Muitos nem sabem que sou torcedor do Tricolor
das Laranjeiras, pouco falo e quase nunca escrevo sobre futebol, exceção feita para
algumas gozações inevitáveis nas conversas entre amigos. Fiquei mais de vinte
anos sem pisar no Maracanã, retornei lá esse ano para assistir a uma partida do
brasileirão, por sinal, uma exibição medíocre do meu time. O antigo “Templo do
Futebol”, outrora maior estádio do mundo, estava muito mudado. Não reencontrei
aquela enorme arena com capacidade de abrigar duzentas mil almas, em que pese o
desconforto para os frequentadores da geral e das arquibancadas. Estava agora
diante de um pequeno estádio, mais confortável e com boa visibilidade do campo,
se bem que acanhado perto do antigo gigante.

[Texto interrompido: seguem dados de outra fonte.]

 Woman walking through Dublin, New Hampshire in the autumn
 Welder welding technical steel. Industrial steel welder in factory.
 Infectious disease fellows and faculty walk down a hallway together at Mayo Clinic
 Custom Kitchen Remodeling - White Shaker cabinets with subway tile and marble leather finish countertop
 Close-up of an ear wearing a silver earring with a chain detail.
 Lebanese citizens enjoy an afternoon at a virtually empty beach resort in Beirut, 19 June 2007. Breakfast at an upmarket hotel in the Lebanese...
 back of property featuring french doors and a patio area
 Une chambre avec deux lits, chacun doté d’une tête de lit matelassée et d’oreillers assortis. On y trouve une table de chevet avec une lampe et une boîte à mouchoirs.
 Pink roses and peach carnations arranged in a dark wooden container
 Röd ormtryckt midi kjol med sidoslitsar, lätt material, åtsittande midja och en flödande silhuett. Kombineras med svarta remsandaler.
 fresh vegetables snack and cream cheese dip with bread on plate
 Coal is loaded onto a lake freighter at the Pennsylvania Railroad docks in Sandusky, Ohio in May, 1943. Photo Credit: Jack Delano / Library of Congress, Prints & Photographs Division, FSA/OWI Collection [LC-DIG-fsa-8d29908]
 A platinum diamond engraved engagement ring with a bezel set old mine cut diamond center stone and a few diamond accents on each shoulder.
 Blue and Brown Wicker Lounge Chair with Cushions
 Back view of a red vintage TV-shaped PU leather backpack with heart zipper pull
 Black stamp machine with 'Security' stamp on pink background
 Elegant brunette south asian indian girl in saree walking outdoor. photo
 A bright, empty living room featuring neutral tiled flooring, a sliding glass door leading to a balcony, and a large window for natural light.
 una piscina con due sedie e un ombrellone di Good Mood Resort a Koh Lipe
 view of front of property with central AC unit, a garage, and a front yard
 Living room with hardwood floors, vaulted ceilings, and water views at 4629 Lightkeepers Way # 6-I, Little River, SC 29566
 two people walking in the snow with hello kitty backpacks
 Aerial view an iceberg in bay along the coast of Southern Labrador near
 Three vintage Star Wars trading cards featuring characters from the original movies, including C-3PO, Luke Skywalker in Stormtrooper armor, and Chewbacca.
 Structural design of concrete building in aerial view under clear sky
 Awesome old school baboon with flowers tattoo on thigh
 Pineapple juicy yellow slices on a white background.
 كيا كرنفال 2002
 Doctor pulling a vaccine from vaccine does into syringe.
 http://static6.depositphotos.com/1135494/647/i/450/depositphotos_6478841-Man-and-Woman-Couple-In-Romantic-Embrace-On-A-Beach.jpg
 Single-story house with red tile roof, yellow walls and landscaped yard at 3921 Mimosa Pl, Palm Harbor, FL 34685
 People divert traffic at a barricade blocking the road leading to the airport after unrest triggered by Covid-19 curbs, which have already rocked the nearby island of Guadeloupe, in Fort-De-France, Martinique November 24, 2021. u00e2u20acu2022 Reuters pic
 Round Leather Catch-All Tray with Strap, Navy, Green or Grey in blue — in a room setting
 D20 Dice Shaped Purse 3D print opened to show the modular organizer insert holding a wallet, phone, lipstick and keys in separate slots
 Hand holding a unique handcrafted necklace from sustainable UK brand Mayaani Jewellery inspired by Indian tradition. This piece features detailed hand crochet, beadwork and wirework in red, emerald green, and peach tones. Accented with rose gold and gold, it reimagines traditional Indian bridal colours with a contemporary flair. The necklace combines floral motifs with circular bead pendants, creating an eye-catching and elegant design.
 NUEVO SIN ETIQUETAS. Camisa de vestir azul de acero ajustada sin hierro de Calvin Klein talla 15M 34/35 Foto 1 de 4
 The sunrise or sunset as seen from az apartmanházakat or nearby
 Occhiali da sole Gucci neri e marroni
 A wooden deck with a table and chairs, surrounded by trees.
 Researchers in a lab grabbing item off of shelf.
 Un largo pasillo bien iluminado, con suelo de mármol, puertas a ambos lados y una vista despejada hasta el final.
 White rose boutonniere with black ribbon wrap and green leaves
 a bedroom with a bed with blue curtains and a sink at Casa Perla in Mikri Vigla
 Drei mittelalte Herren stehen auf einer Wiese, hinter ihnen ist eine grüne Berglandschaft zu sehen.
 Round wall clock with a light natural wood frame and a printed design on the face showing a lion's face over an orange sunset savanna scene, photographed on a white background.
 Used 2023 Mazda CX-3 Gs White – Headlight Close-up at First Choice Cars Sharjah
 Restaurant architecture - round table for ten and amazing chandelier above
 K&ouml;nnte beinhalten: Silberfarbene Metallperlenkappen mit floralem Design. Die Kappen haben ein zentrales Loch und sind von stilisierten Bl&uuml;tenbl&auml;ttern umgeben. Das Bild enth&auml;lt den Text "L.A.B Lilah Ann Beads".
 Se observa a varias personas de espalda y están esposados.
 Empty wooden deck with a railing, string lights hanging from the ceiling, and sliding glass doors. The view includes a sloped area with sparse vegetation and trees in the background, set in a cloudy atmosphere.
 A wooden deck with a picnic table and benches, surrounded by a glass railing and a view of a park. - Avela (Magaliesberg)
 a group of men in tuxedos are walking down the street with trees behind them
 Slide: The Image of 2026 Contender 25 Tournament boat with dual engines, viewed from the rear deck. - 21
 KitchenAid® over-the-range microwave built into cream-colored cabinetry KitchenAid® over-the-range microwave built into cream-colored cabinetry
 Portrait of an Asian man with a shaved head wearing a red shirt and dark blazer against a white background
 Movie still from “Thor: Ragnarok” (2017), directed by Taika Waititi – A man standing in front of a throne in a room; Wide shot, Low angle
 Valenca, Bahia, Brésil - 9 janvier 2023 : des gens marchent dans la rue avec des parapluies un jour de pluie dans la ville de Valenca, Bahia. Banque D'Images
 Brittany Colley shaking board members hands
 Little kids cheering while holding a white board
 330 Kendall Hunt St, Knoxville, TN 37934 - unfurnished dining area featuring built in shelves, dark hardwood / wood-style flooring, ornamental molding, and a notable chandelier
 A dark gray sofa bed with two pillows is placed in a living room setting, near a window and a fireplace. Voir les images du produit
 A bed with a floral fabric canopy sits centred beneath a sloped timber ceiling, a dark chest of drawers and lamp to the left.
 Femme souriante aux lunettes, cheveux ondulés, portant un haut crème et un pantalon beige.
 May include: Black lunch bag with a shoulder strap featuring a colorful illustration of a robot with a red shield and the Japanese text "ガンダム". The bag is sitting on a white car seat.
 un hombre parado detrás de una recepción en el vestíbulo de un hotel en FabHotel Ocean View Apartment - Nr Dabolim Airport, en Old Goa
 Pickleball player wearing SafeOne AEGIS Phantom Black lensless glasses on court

Mas os motivos desse meu afastamento do
estádio que desde muito pequeno, levado pelas mãos do meu saudoso pai, me
acostumei a frequentar e onde fui contaminado por essa paixão pelo futebol, não
estão ligados às obras de reforma do Maracanã, diga-se de passagem, todas elas
superfaturadas pelos governantes bandidos. Na verdade, foram duas outras razões
que me levaram a esse distanciamento, não só do velho estádio, mas também do
próprio futebol.
A primeira tem a ver com a percepção de
que o futebol sofreu uma brutal transformação entre os anos sessenta e noventa
do século passado, acabando totalmente engolido pelo sistema, virando muito
mais um “negócio” do que um “esporte”. Acabara-se o tempo onde os jogadores
eram formados e permaneciam nos seus clubes, onde verdadeiras escolas ou
academias de futebol aprimoravam seus estilos, onde uma verdadeira identidade
entre torcedores e seus ídolos era construída ao longo de anos. Prevalece agora
o transitório, os valores exorbitantes, os interesses escusos, os jogadores por
temporada, os times e estilos de se jogar futebol pasteurizados.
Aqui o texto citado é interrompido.